Nicéphore ne se laissa point éblouir. Remerciant l’Empereur, il fit comprendre, dès la première audience, que son emploi n’était guère facile à remplir dans de pareilles conditions, et que, l’honneur à part, il eut préféré ses calculs anciens relatifs aux travaux des maçons, aux devis des architectes, aux fourrages des grainetiers, aux fournitures des carrossiers et selliers. Le dos rond, l’air morose, l’œil petit et perspicace sous les touffes de sourcils épais, il inspectait malicieusement les visages de ses interlocuteurs, puis faisait l’humble et le confus, se fardait de tristesse et d’ennui.

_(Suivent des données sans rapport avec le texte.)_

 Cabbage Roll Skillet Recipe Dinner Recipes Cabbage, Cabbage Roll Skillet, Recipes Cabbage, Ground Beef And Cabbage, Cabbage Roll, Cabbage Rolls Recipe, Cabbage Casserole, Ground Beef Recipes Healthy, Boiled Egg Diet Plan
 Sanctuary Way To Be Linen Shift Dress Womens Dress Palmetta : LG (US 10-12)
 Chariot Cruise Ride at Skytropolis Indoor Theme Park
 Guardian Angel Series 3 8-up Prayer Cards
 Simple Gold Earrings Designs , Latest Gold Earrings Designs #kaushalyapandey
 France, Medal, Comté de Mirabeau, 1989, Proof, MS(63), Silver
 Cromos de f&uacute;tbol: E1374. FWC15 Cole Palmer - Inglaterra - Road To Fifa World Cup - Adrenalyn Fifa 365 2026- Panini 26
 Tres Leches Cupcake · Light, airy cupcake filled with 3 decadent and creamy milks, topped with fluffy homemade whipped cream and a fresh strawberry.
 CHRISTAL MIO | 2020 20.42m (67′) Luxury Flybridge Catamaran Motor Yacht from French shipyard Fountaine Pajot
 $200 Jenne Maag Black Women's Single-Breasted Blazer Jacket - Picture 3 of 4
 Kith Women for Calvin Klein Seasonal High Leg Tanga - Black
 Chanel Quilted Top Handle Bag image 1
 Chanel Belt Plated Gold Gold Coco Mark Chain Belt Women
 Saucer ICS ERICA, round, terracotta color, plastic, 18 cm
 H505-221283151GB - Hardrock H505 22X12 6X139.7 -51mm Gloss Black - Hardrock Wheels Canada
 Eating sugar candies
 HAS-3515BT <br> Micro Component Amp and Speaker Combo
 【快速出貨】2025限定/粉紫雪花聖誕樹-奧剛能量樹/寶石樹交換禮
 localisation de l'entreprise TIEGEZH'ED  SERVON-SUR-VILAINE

Il réussit, toutefois, à rassembler les sommes indispensables pour une expédition de printemps contre les Bulgares. Alexis préconisait cette diversion au deuil public. Constantin voulut essayer les forces de sa cavalerie. Elle rencontra les Bulgares non loin du château de Probaton au bord du fleuve de Saint-Georges, mais ne put se déployer sur la rive trop étroite. Les masses de ses escadrons furent décimées par les flèches des archers. Maints pelotons culbutèrent dans les fosses creusées à l’avance, ou s’enlisèrent dans les prairies marécageuses. Nul ne put atteindre un ennemi défendu par les eaux, et solidement établi dans les broussailles de la berge adverse. On ne sut forcer le passage. Il fallut retourner sans honneur à Byzance.

Nicéphore dut s’évertuer afin de réunir les fonds nécessaires à une seconde campagne. Cette fois Alexis conseilla d’attaquer les Sarrazins plus commodes à vaincre, estimait-il. L’empereur lui pardonnait mal son échec et l’humiliation d’un retour fâcheux, après une manœuvre manquée. Il se cacha de nouveau dans le gynécée, entre les bras de Théodote, unique consolatrice. Marie d’Arménie consumait les heures dans les différentes églises et chapelles du Palais Sacré, à supplier les icones de rendre son mari vertueux.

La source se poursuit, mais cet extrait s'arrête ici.